PaperBanana: Automating Academic Illustration for AI Scientists

Dawei Zhu^1,2*, Rui Meng², Yale Song², Xiyu Wei¹, Sujian Li¹, Tomas Pfister², Jinsung Yoon²

¹Peking University
²Google Cloud AI Research

Corresponding author(s): dwzhu@pku.edu.cn, lisujian@pku.edu.cn, jinsungyoon@google.com

Examples of methodology diagrams and statistical plots generated by PaperBanana, which show the potential of automating the generation of academic illustrations.

Despite rapid advances in autonomous AI scientists powered by language models, generating publication-ready illustrations remains a labor-intensive bottleneck in the research workflow. To lift this burden, we introduce PaperBanana, an agentic framework for automated generation of publication-ready academic illustrations. Powered by state-of-the-art VLMs and image generation models, PaperBanana orchestrates specialized agents to retrieve references, plan content and style, render images, and iteratively refine via self-critique. To rigorously evaluate our framework, we introduce PaperBananaBench, comprising 292 test cases for methodology diagrams curated from NeurIPS 2025 publications, covering diverse research domains and illustration styles. Comprehensive experiments demonstrate that PaperBanana consistently outperforms leading baselines in faithfulness, conciseness, readability, and aesthetics. We further show that our method effectively extends to the generation of high-quality statistical plots. Collectively, PaperBanana paves the way for the automated generation of publication-ready illustrations.

Method Overview

We propose PaperBanana, a reference-driven agentic framework for automated academic illustration. As illustrated in the diagram (generated by ) below, PaperBanana orchestrates a collaborative team of five specialized agents—Retriever, Planner, Stylist, Visualizer, and Critic—to transform raw scientific content into publication-quality diagrams and plots.
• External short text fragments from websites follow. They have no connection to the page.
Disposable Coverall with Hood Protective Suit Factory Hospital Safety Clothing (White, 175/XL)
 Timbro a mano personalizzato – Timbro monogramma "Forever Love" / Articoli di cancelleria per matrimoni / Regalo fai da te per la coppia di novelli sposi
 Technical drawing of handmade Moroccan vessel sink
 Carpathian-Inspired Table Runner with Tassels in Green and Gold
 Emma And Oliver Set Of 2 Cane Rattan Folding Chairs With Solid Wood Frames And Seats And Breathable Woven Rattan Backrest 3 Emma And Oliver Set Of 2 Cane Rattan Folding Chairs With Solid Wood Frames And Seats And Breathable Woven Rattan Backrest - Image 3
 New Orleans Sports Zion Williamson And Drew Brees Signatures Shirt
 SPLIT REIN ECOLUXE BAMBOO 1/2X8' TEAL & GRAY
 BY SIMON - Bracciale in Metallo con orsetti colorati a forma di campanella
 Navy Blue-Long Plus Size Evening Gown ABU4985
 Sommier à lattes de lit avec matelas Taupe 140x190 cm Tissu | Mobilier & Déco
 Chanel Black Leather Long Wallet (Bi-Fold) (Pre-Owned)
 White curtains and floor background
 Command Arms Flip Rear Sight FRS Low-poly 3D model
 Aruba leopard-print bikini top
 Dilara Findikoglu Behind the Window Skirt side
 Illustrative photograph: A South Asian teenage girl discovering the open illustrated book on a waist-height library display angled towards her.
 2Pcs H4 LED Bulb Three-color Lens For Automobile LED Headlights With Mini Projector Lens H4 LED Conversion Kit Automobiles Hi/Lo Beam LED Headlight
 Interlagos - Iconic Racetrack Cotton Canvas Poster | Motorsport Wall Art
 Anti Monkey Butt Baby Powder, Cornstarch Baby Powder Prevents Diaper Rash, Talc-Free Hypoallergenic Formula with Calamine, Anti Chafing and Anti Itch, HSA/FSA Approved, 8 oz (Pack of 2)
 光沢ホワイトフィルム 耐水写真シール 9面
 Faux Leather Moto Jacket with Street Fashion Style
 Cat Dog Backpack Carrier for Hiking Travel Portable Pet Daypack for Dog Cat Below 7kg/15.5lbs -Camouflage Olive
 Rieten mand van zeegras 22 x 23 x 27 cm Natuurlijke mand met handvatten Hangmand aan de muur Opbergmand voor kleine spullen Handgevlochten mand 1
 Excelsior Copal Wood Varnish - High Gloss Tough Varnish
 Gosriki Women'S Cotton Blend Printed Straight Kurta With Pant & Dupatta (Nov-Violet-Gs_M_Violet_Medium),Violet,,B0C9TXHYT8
Retriever Agent: Identifies relevant reference examples to guide downstream agents.
Planner Agent: Acts as the cognitive core, translating context into detailed textual descriptions.
Stylist Agent: Ensures adherance to academic aesthetic standards by synthesizing guidelines from references.
Visualizer Agent: Transforms textual descriptions into visual output or executable code.
Critic Agent: Inspects generated images/plots against the source to provide feedback for refinement.

Benchmark Construction

The lack of benchmarks hinders rigorous evaluation of automated diagram generation. We address this with PaperBananaBench, a dedicated benchmark curated from NeurIPS 2025 methodology diagrams, capturing the sophisticated aesthetics and diverse logical compositions of modern AI papers. The construction pipeline ensures high quality through: (1) Collection & Parsing, (2) Filtering, (3) Categorization, and (4) Human Curation. The final dataset comprises 584 valid samples, partitioned into 292 test and 292 reference cases.

[Plot generated by from raw data] Statistics of the test set of PaperBananaBench (totaling 292 samples). The average length of source context / figure caption is 3,020.1 / 70.4 words.

Experimental Results

We evaluate PaperBanana on PaperBananaBench, assessing performance across faithfulness, conciseness, readability, and aesthetics. Our method consistently outperforms leading baselines across all four evaluation dimensions.

We further show that our method also seamlessly extends to the generation of high-quality statistical plots. The plot below was itself generated by from our raw data.

Two Advanced Applications

1. Enhancing Aesthetics of Human-Drawn Diagrams. We explore using our summarized aesthetic guidelines to elevate the aesthetic quality of existing human-drawn diagrams. Below is an example:

2. Coding vs Image Generation for Visualizing Statistical Plots. We explore using image generation models for statistical plots generation, comparing with code-based approaches. The results below reveal distinct trade-offs: image generation excels in presentation but underperforms in content fidelity. [The plot below was itself generated by , from our raw data]

Case Study

Case Study of Diagram Generation. Given the same source context and caption, the vanilla Nano-Banana-Pro often produces diagrams with outdated color tones and overly verbose content. In contrast, our PaperBanana generates results that are more concise and aesthetically pleasing, while maintaining faithfulness to the source context.

Enhancing Aesthetics. Additional cases for enhancing the aesthetics of human-drawn diagrams with our auto-summarized style guidelines. The polished diagrams demonstrate significant stylistic improvements in color schemes, typography, graphical elements, etc.

Visualizing Statistical Plots. Case study for visualizing statistical plots with code and image generation. It is observed that the image generation model can generate more visually appealing plots, but incurs more faithfulness errors such as numerical hallucination or element repetition.

Failure Cases. The primary failure mode involves connection errors, such as redundant connections and mismatched source-target nodes. Our preliminary analysis reveals that the critic model often fails to identify these connectivity issues, suggesting these errors may originate from the foundation model's inherent perception limitations.